• Data provided:
——

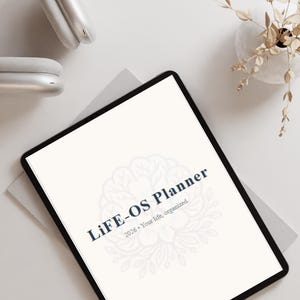 May include: A digital tablet displaying the text LiFE-OS Planner 2026 Your life, organized. The screen features a faint brain-shaped floral graphic. The brand name BRAINSBLOOM is visible at the top, accompanied by silver headphones and a small floral vase.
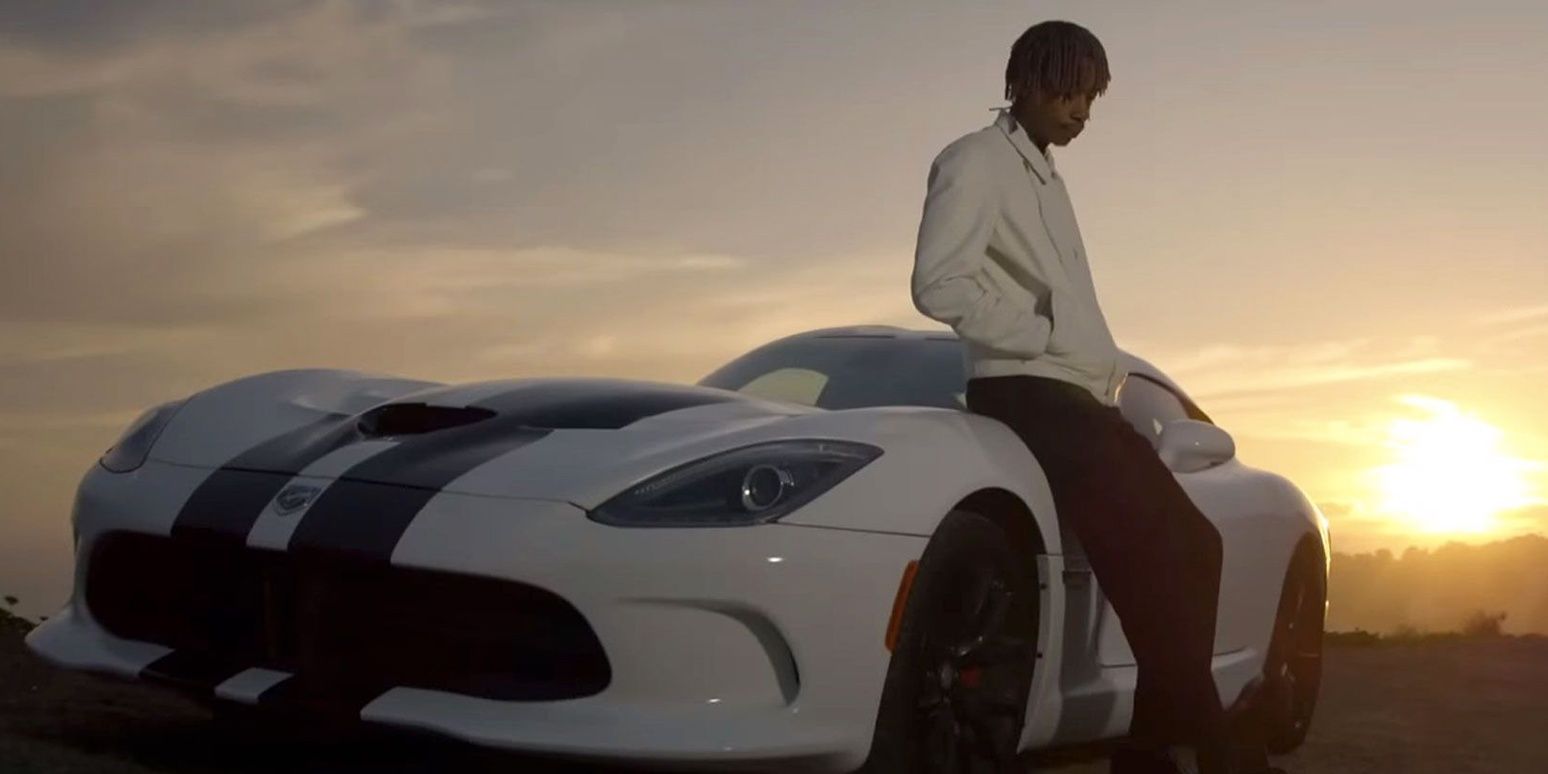 Wiz Khalifa posing next to a car while the sun sets, a still from See You Again's music video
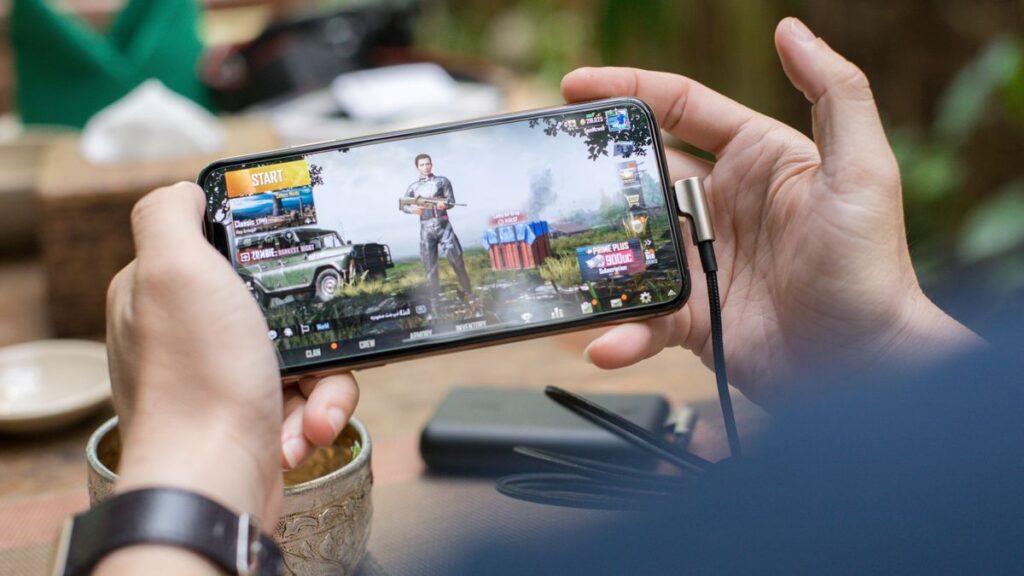 Person playing PUBG Mobile on a smartphone outdoors, representing the PUBG Mobile 4.6 update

——

• What to produce: Leave the pictures out and output exactly the lines above, from the start of the listing through the line with "Wiz Khalifa posing".

• Exercise output:
 May include: A digital tablet displaying the text LiFE-OS Planner 2026 Your life, organized. The screen features a faint brain-shaped floral graphic. The brand name BRAINSBLOOM is visible at the top, accompanied by silver headphones and a small floral vase.
 Wiz Khalifa posing next to a car while the sun sets, a still from See You Again's music video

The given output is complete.